Is there a particular reason to use GMP instead of MAPM [1]? I've used MAPM for complex matrix calculations and it seems to be superior to GMP.

[1] http://www.tc.umn.edu/~ringx004/mapm-main.html


Jari-Matti
May 09, 2005
Jari-Matti Mäkelä wrote:

>>Then again, we already have GMP - with all kinds of precisions...
>>http://home.comcast.net/~benhinkle/gmp-d/
> 
> Is there a particular reason to use GMP instead of MAPM [1]? I've used
> MAPM for complex matrix calculations and it seems to be superior to GMP.

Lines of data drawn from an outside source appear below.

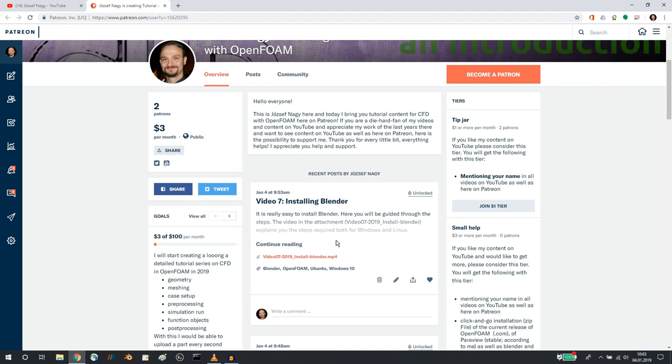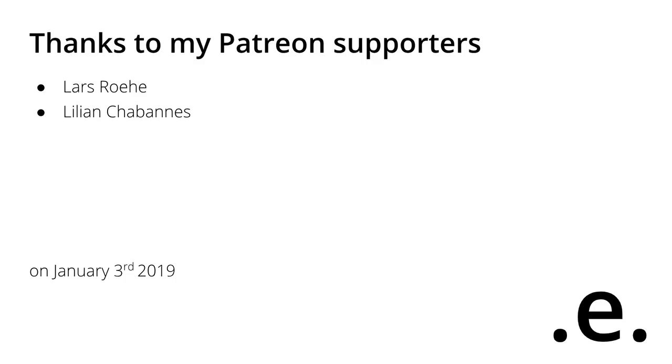Otherwise there is always the YouTube content which is going to be free. So with that, I would like to thank you for watching and listening and for your support on YouTube. I hope that you like this and I hope to see you next time.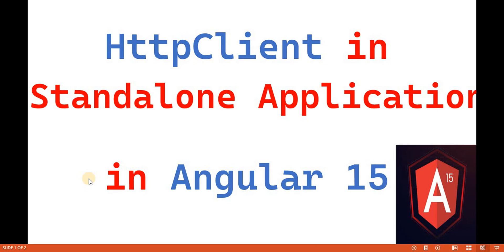Hello everyone, welcome back to the dotnet office. In this video we are going to discuss about the HTTP Client in standalone applications. In the previous video we discussed about the standalone API in Angular applications.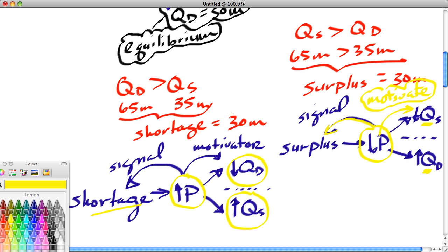In the next lesson — actually the next two lessons — we're going to look at what causes shortages and surpluses, and how we get into a position where the market experiences a shortage or a surplus. That's coming in the next two segments.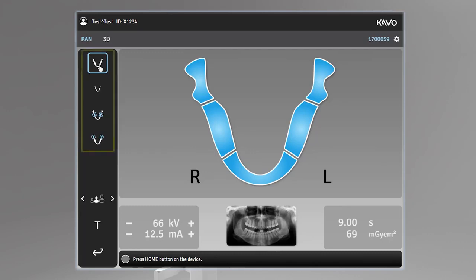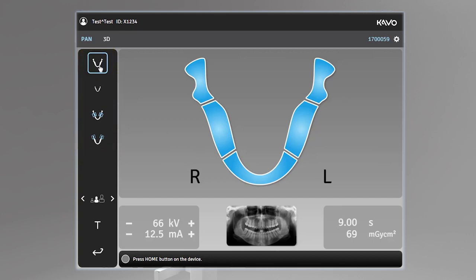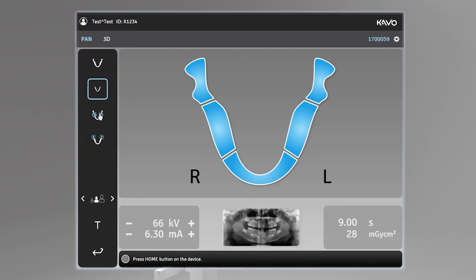There are four imaging modalities that can be selected from the screen: standard panoramic, pediatric panoramic, bitewing, and TMJ.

No, just that there already was a D module for GMP available...

Are you volunteering to provide an import module for MAPM ? ;-)

--anders
May 09, 2005
Anders F Björklund wrote:
> Jari-Matti Mäkelä wrote:
> 
>>> Then again, we already have GMP - with all kinds of precisions... http://home.comcast.net/~benhinkle/gmp-d/
>>
>>
>> Is there a particular reason to use GMP instead of MAPM [1]? I've used MAPM for complex matrix calculations and it seems to be superior to GMP.
> 
> 
> No, just that there already was a D module for GMP available...
> 
> Are you volunteering to provide an import module for MAPM ? ;-)
> 
> --anders

I did a D wrapper for the MAPM two years ago, pretty similar to that C++ -wrapper that comes with MAPM. I'm not aware of any "standards" with D modules already written so it might be something terrible - has been sufficient for my use though. If anyone wants, I can get it from my old machine, test it and put it on my home page.